- [Work to be completed]
In the data that follows, find the line containing "application has been"; then quote that line and every line after it, exactly, through the last one.

### Data for analysis

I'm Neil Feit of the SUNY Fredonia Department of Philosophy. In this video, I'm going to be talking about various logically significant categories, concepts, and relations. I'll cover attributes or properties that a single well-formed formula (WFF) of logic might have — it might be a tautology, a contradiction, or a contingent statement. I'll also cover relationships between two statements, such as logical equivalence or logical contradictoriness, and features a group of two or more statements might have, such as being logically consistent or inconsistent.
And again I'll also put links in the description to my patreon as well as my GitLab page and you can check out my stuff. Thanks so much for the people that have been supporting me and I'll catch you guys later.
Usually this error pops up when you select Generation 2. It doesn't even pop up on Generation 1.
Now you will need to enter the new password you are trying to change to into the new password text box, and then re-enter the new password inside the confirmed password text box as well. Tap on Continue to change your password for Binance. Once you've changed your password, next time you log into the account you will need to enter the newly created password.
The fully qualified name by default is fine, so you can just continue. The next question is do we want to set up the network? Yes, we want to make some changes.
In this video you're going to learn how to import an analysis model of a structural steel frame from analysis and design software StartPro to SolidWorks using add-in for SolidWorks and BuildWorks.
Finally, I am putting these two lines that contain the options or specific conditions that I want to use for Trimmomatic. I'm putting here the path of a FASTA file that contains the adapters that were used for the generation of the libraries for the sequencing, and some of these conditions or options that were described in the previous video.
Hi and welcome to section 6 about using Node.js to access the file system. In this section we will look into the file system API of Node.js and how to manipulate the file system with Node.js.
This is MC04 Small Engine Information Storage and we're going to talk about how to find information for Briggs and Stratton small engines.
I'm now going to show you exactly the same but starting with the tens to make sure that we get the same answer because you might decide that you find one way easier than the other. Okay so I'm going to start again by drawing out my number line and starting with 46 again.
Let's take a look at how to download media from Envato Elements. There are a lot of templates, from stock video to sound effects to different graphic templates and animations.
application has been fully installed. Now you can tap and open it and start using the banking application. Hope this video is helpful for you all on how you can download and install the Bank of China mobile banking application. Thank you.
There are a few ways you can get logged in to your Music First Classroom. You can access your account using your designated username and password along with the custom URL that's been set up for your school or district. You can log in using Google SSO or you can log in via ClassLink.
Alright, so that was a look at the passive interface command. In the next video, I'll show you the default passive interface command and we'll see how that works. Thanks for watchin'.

######

- [Answer to the exercise]
application has been fully installed. Now you can tap and open it and start using the banking application. Hope this video is helpful for you all on how you can download and install the Bank of China mobile banking application. Thank you.
There are a few ways you can get logged in to your Music First Classroom. You can access your account using your designated username and password along with the custom URL that's been set up for your school or district. You can log in using Google SSO or you can log in via ClassLink.
Alright, so that was a look at the passive interface command. In the next video, I'll show you the default passive interface command and we'll see how that works. Thanks for watchin'.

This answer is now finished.